Comincia a questo punto la parte più intensa del canto. Dante, animato da un desiderio che non conosce confini, senza attendere esortazioni cerca di penetrare con il suo sguardo nella luce divina. Fino all’ultimo verso il filo conduttore della poesia è l’ineffabilità, cioè l’impossibilità di esprimere a parole ciò che si è visto. Dante sente ancora dentro di sè la dolcezza provata e invoca Dio affinchè gli dia la possibilità di far comprendere ai posteri anche solo una piccolissima parte di ciò che ha veduto. È nella condizione di chi, dopo aver sognato, ricorda la sensazione, ma non i contorni reali e definiti del sogno (quanto poetico realismo in questa similitudine!); poi – per chiarire il concetto – adopera altre due immagini, di cui la seconda di ascendenza classica:
Così la neve al sol si disgilla;
così al vento ne le foglie levi
si perdea la sentenza di Sibilla
Tanto, tantissimo è stato scritto su questa estrema visione di Dio, visione di un concetto, di un qualcosa di infinito, indeterminabile e indescrivibile.
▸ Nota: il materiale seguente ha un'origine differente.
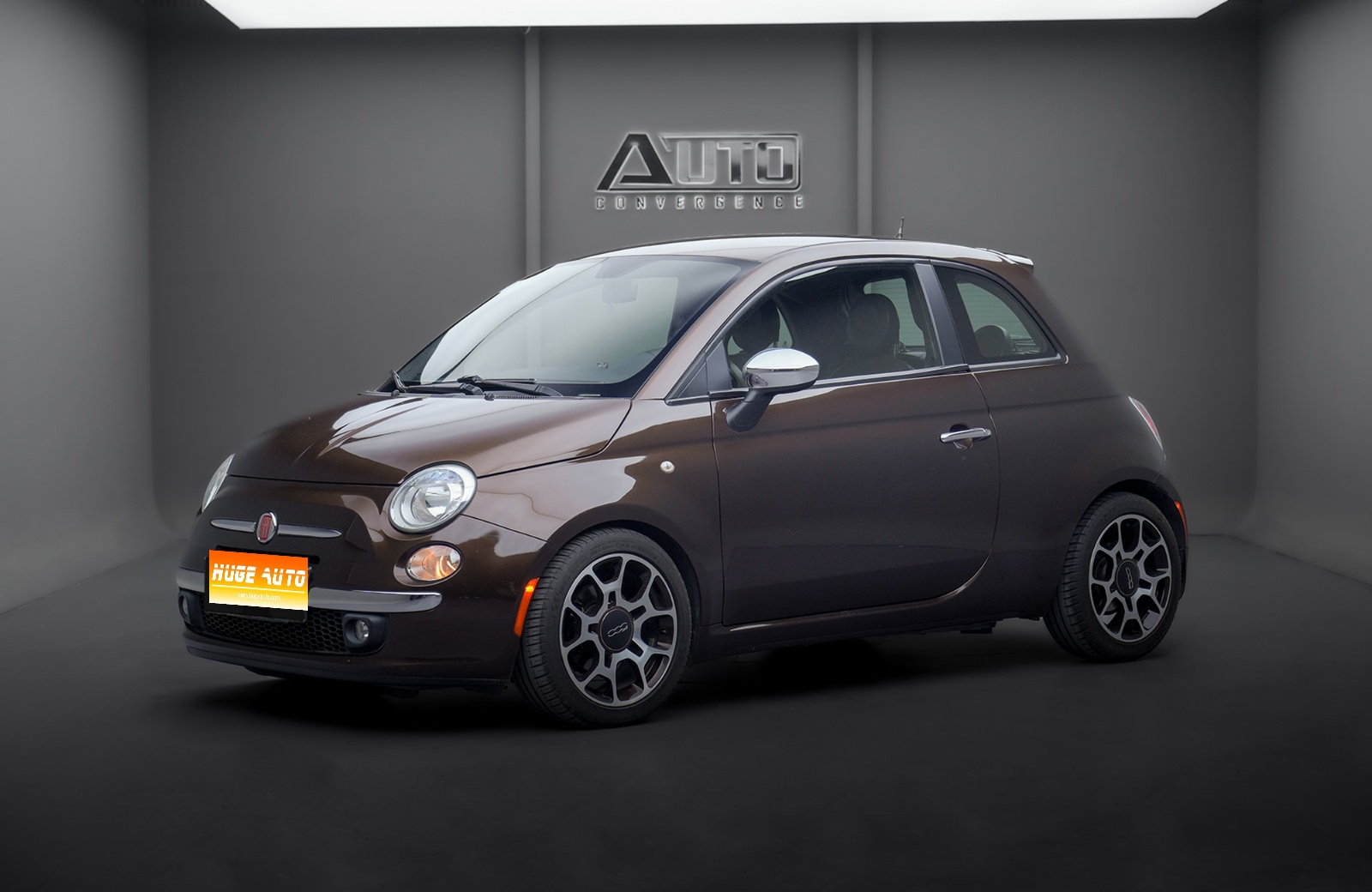 MY2011 FIAT 500 1.4L Sport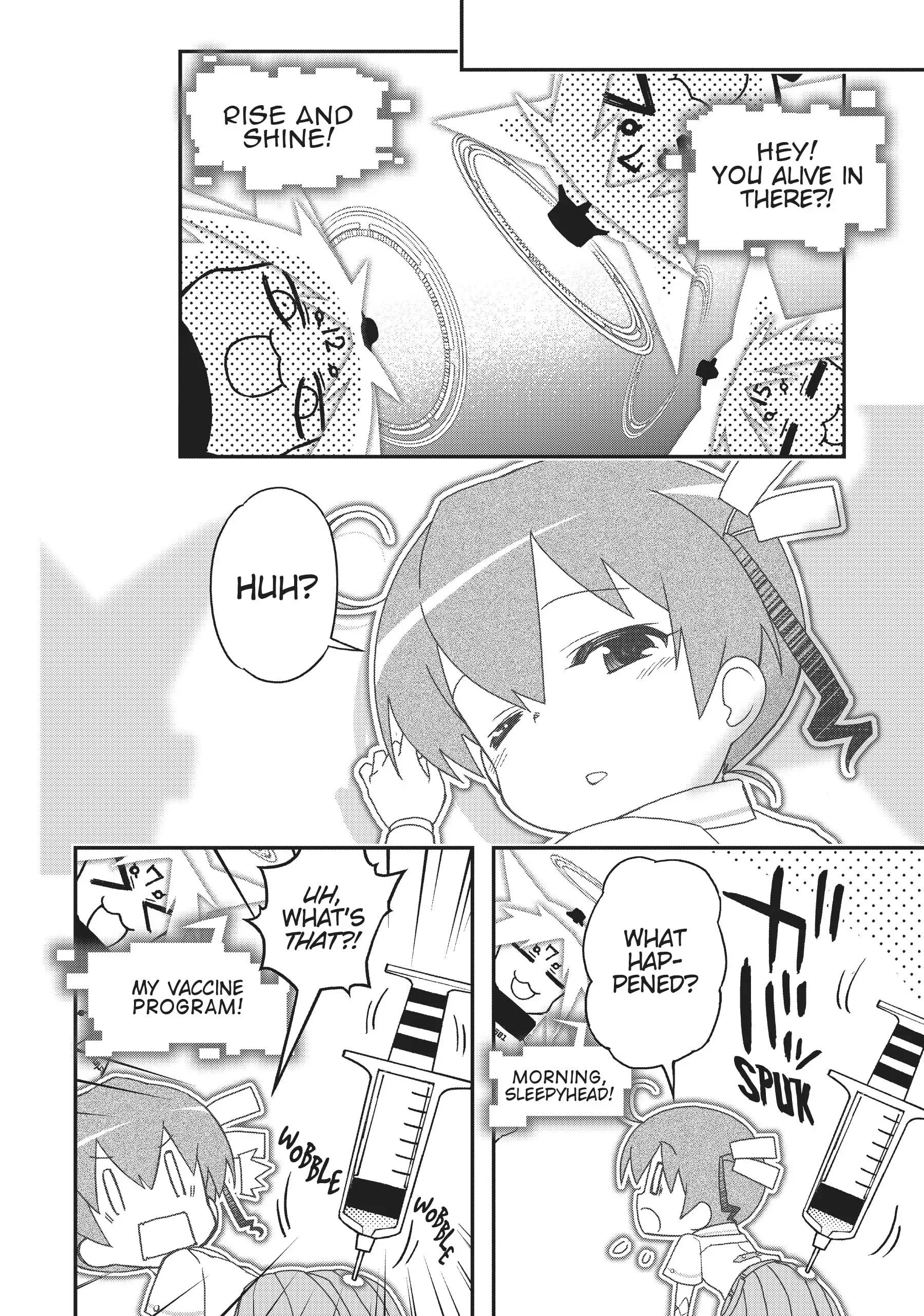 Pandora in the Crimson Shell - Ghost Urn Chapter 64 page 86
E decisamente inadeguato è il mezzo di un uomo per esprimere un concetto così “spirituale”: la parola è come quella d’un fante/che bagni ancor la lingua a la mammella.
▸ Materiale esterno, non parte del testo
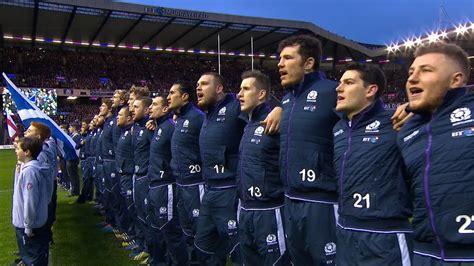 Scotland National Anthem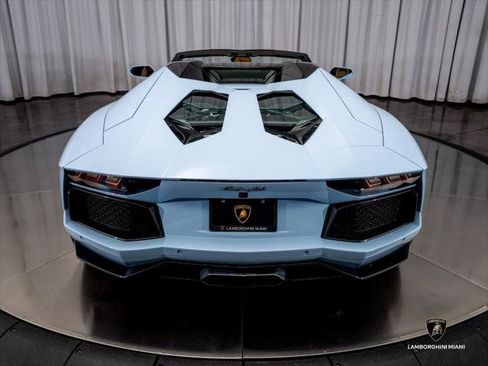 Used 2015 Lamborghini Aventador LP 700-4 AWD/4WD image 28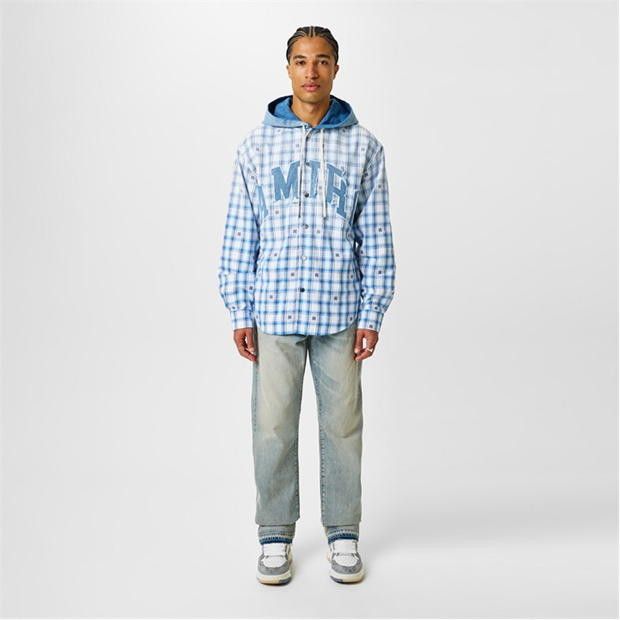 Amiri AMIRI Hood Over Shirt Size US L / EU 52-54 / 3 - 5 Thumbnail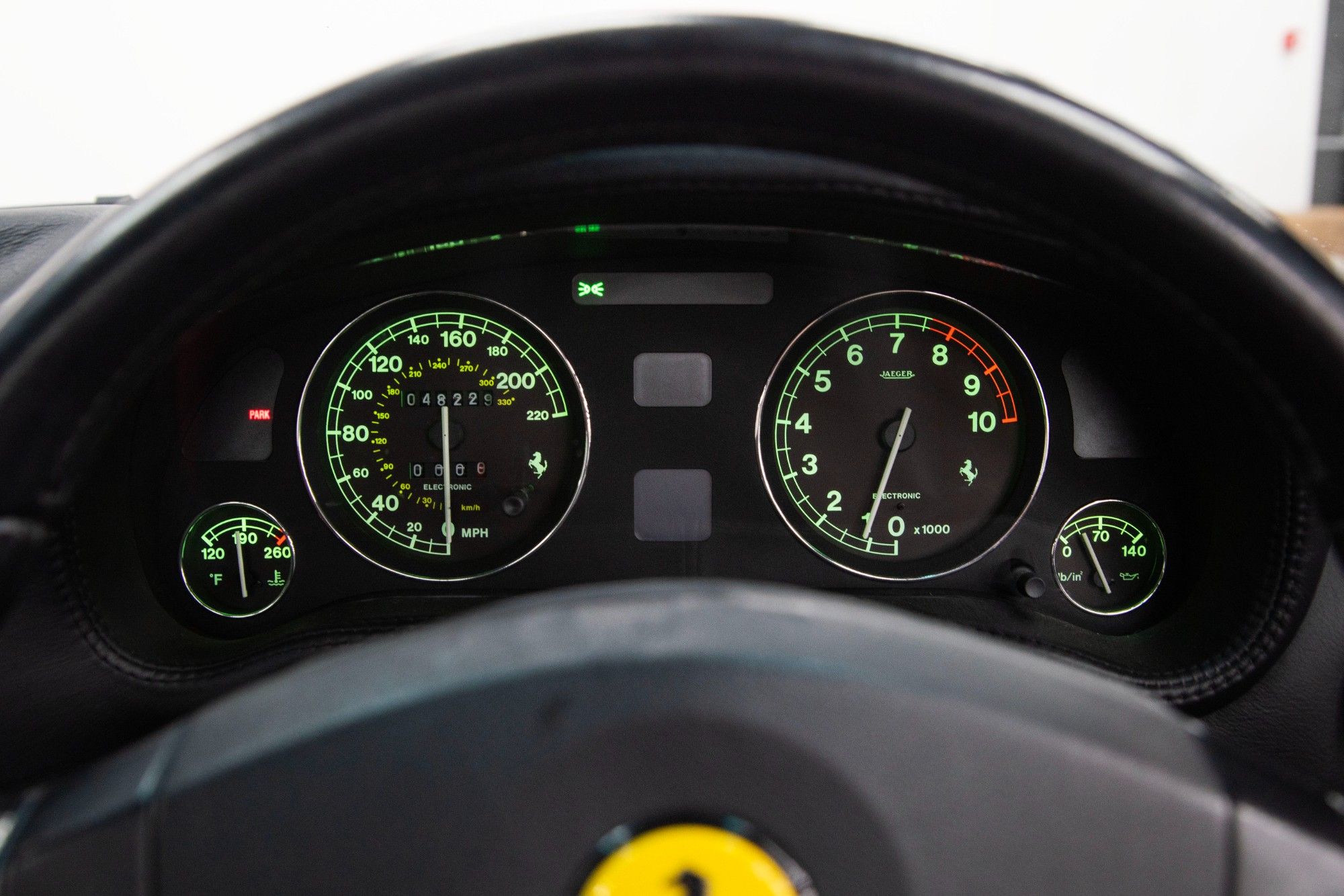USED 1998 R FERRARI 550 5.5 Maranello 2dr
Eppure Dante ci prova, prova con uno sforzo sovrumano a descrivere i misteri della Trinità e della Reincarnazione. Vede tre cerchi, di tre colori ma assolutamente uguali: dal primo si riflette il secondo, e il terzo da entrambi. Sono unità e trinità insieme. E il secondo appare come lume reflesso, al cui interno vi è un’effige umana dello stesso colore. Ma no, non è proprio all’interno: piuttosto l’immagine “si adatta” al cerchio, ma Dante non capisce come… Non abbiamo la controprova, ma non immaginiamo che, fino alla fine dei tempi, un uomo osi descrivere così l’indescrivibile: Dio, l’Essenza, la Trinità e il mistero supremo di fede del Cristianesimo che vuole che Dio si faccia uomo.
Poi, improvvisamente, l’illuminazione della Grazia. È solo così che Dante può comprendere. Un fulmine a ciel sereno, una frazione di frazione di attimo in cui si rivela il senso di tutto. Dante placa la sua inquietudine nel sentirsi parte dell’ordine universale, e nella coscienza della partecipazione al Bene s’acqueta:
A l’alta fantasia qui mancò possa;
ma già volgeva il mio disio e’ l velle,
sì come rota ch’igualmente è mossa,
l’amor che move il sole e l’altre stelle.
È la consolante conclusione del suo poema. Forse della vita.